Where did you download the game?


----------



## tie3 (Oct 8, 2010)

*Re: Rome total war crash at first battle of the loading screen*

fileplanet..or whatever its called...


----------



## tie3 (Oct 8, 2010)

*Re: Rome total war crash at first battle of the loading screen*

anybody ? please help....


----------



## koala (Mar 27, 2005)

*Re: Rome total war crash at first battle of the loading screen*

Fileplanet only has the demo, not the full version. Is this the one you downloaded? - http://www.fileplanet.com/144640/140000/fileinfo/Rome:-Total-War-Demo

Have you tried running the game in 98/XP compatibility mode?


----------



## tie3 (Oct 8, 2010)

*Re: Rome total war crash at first battle of the loading screen*



koala said:


> Fileplanet only has the demo, not the full version. Is this the one you downloaded? - http://www.fileplanet.com/144640/140000/fileinfo/Rome:-Total-War-Demo
> 
> Have you tried running the game in 98/XP compatibility mode?


not itts not i forgot the source wher i downloaded it from ( defintely not the demo), i have tired putting in compablity for window98/xp and still no luck


----------



## koala (Mar 27, 2005)

*Re: Rome total war crash at first battle of the loading screen*

The full version is not available to download online. Are you using a pirate copy?

Rome Total War - $16 new, $6 used- http://www.amazon.com/Rome-Total-War-Pc/dp/B0002MPT6Q


----------



## tie3 (Oct 8, 2010)

*Re: Rome total war crash at first battle of the loading screen*



koala said:


> The full version is not available to download online. Are you using a pirate copy?
> 
> Rome Total War - $16 new, $6 used- http://www.amazon.com/Rome-Total-War-Pc/dp/B0002MPT6Q


 no not at all.


----------



## koala (Mar 27, 2005)

*Re: Rome total war crash at first battle of the loading screen*

If you've downloaded the full version which is not available to legally download, and you're not using the demo version which is the only version available online, then I don't know what you've got.

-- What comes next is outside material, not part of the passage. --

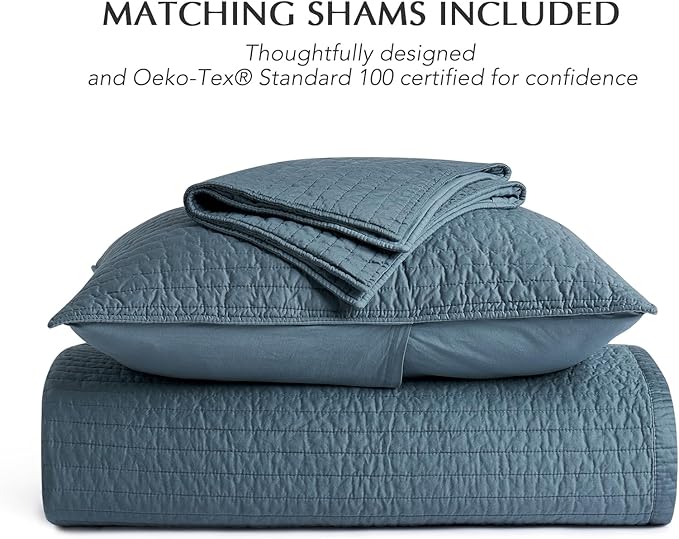 EVERGRACEHOME Cotton Sateen Quilt Set King Size, Pre-Washed Cotton Channel Stitch Coverlet Bedspread, 3 Pieces Lightweight Soft Bedding Sets for All Season, with 2 Pillow Shams, Sonoma Blue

Is it a CD or a file that you've downloaded from a site?

Sorry for all the questions, we just need to know what you've got before trying to fix the problem.


----------



## tie3 (Oct 8, 2010)

*Re: Rome total war crash at first battle of the loading screen*



koala said:


> If you've downloaded the full version which is not available to legally download, and you're not using the demo version which is the only version available online, then I don't know what you've got.
> 
> Is it a CD or a file that you've downloaded from a site?
> 
> Sorry for all the questions, we just need to know what you've got before trying to fix the problem.


cd's


----------



## koala (Mar 27, 2005)

*Re: Rome total war crash at first battle of the loading screen*

OK, I understand now. 'Download' means to get a file from a website. You mean 'install' which is a completely different thing. :smile:

According to this post from another forum, the problem could be caused by the old video codecs from the game CD being overwritten by newer codecs. See here for more details: http://forums.techguy.org/games/343684-rome-total-war-crashes-desktop.html

Also, if you've installed any patches or updates, uninstall and reinstall the game, and make sure your graphics, sound and chipset drivers are all up to date.

If you haven't installed any patches yet, go here: http://forums.techguy.org/games/343684-rome-total-war-crashes-desktop.html

Download and install patch 1.3, then reboot and download and install patch 1.5


----------



## tie3 (Oct 8, 2010)

*Re: Rome total war crash at first battle of the loading screen*

Thanks dude probelm solved youre the Bomb! ^.^:grin:


----------



## koala (Mar 27, 2005)

Can you tell us what you did to solve it so that others with the same problem can see what to do? Thanks.


----------



## tie3 (Oct 8, 2010)

i did exctlay what you said. my version of Rome Total war was 1.0, and yadadada ( the probelmi had was the crashing)..) and you said to update it. i updated from the beginning, 1.1 to 1.5 which is the latest vesrion. afterwards played and it didnt crashed and hasant crashed since then and im still playing it.

so basically just patch it from 1.0 to 1.5., then your'e all done. ^.^


----------